The original file MAD2_28_31.pdf
The cropped file MAD2_28_31_cropped.pdf
Why its cropping one and not the other. Both the files are made in the same way using word document to pdf.
The default is to use pdftoppm to render the pages to .ppm
files and then compute the crops from those images. The -gsr
option works just the same way, except that it uses Ghostscript to render the document to .ppm
files rather than using pdftoppm. The --gsBbox
option is equivalent to the -gs
option and does not directly render to .ppm
files at all. It calls Ghostscript to compute the bounding boxes directly and return the results (and does not work on scanned documents).
I'm not sure why some files from the same source would work with -gs
and some would not. I'll look into it.
Thank you. Since mine is not a scanned document, i prefer to use -gs
it requires less space in tmp and also time. Kindly have a look at the files
It's difficult to determine exactly what's happening, since with -gs
Ghostscript is essentially being used as a black box to compute the bounding boxes. I don't know the internals of its algorithm.
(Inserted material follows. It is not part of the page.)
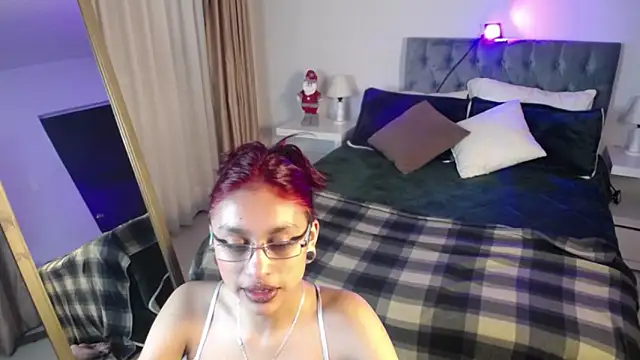 Snapshot of Kat_cute_ chatting on December 7, 2024, 12:08 am Kat cute  online show from December 7, 2024, 12:08 am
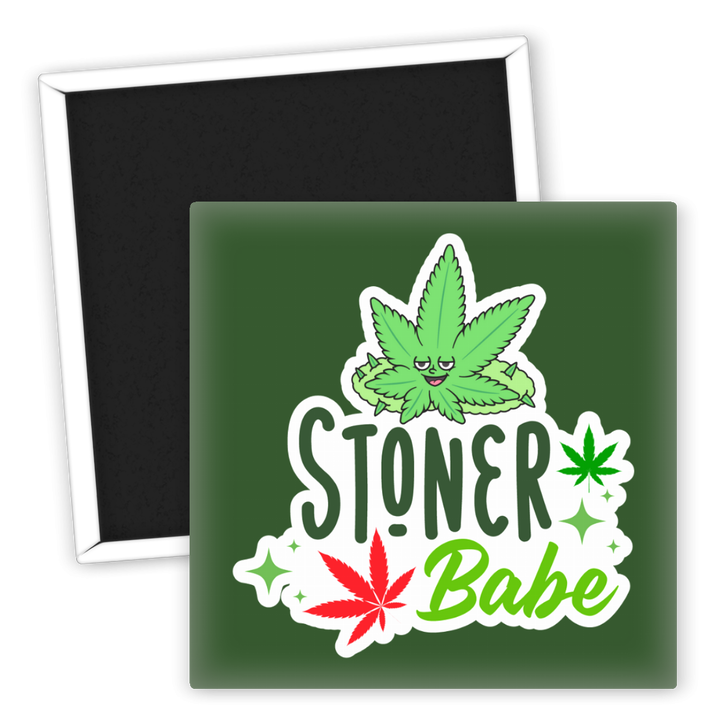 Zum Produkt Kühlschrankmagnet Stoner Babe mit Cannabisblatt Motiv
Ghostscript is apparently detecting some kind of PDF object near the bottoms of pages in the documents that aren't cropping correctly with -gs
. This object isn't affecting the rendered image versions, though. I noticed that when I do a pre-crop of 6bp on the bottom of the document it crops as expected: pdf-crop-margins -v -gs -p4 100 0 100 100 -ap4 0 6 0 0 ADI_41_43.pdf
.
You're also using a fairly old version of pdfCropMargins, but that doesn't seem to be causing this issue.
-ap4 0 6 0 0 option worked. (pre cropping a bit before). But hope it will not crop if text is there within 6
I want to know will -gs (using ghostscript for bounding box) crop the same as without this option, if my document is not scanned but a word text (no images) converted to pdf.